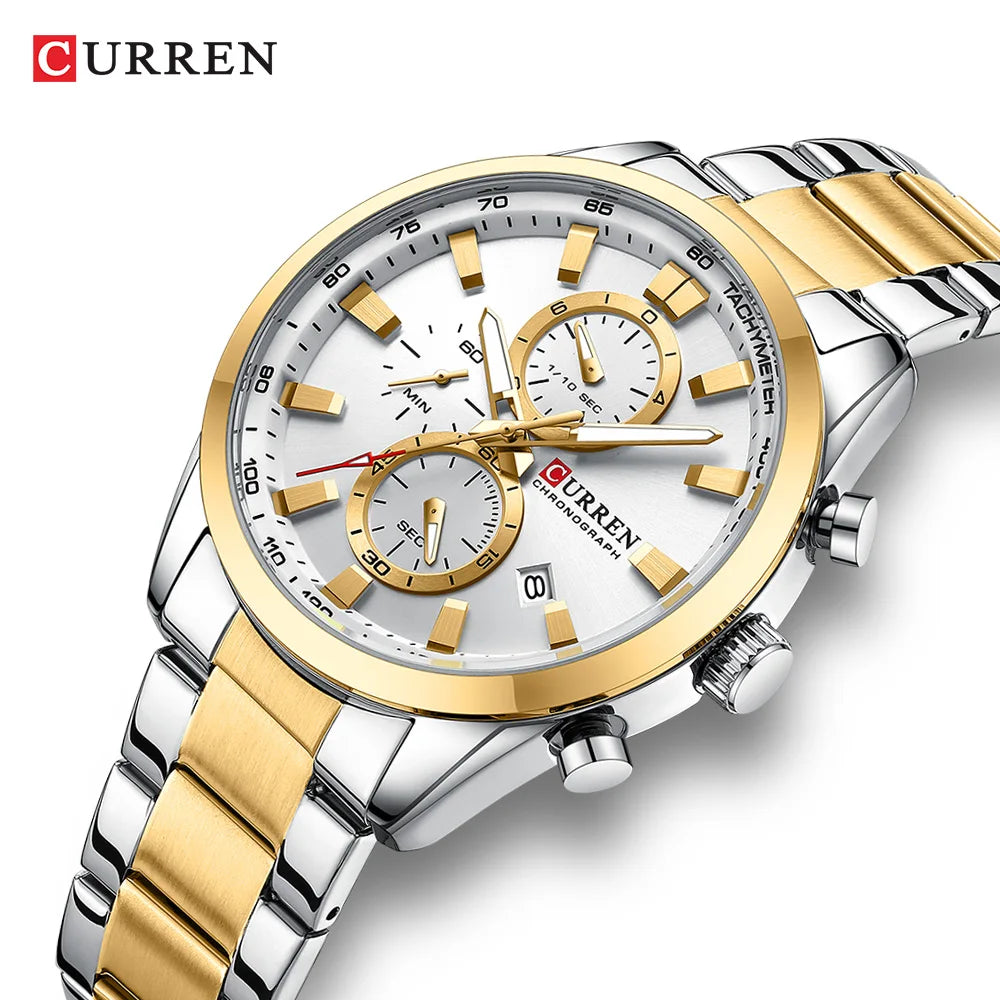 Curren 8445 Men's Multifunctional Waterproof Wrist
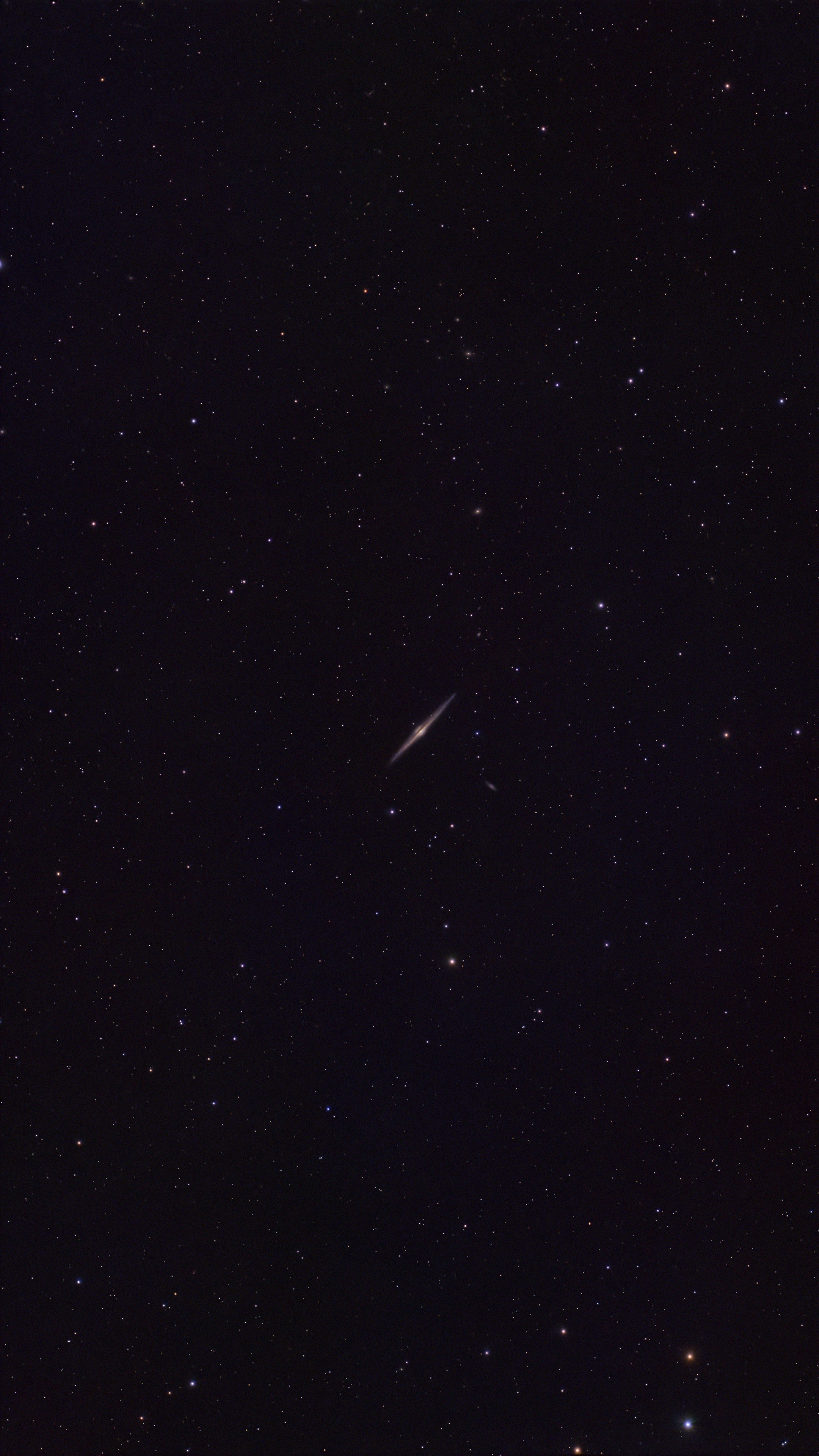 The Needle Galaxy, NGC 4565, shot with the ZWO Seestar S30 Pro smart telescope and processed using Siril and Pixinsight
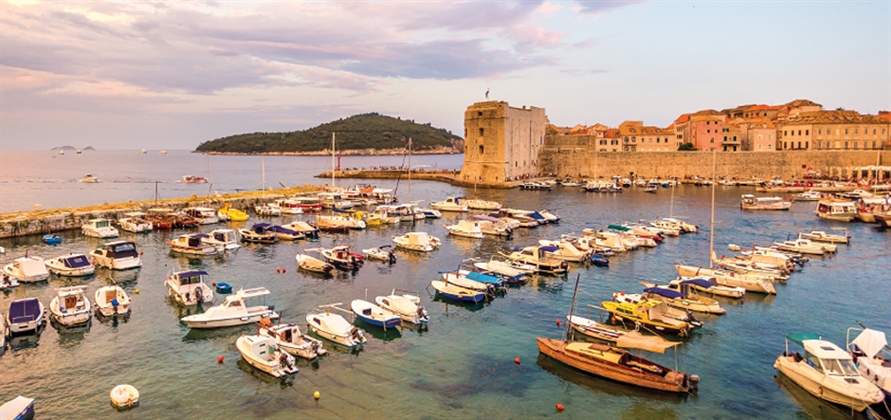 the Croatian capital and its shoreline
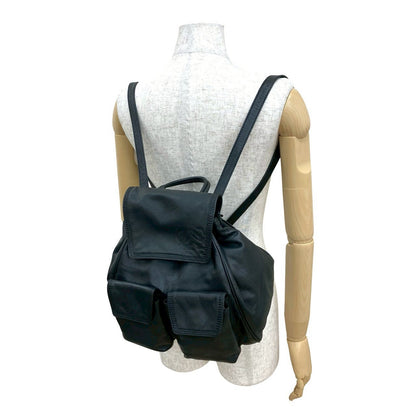 Loewe Backpack Leather Black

# # # # #

● Required work
Reproduce the data above verbatim, minus any images.

● Final answer
 Curren 8445 Men's Multifunctional Waterproof Wrist
 The Needle Galaxy, NGC 4565, shot with the ZWO Seestar S30 Pro smart telescope and processed using Siril and Pixinsight
 the Croatian capital and its shoreline
 Loewe Backpack Leather Black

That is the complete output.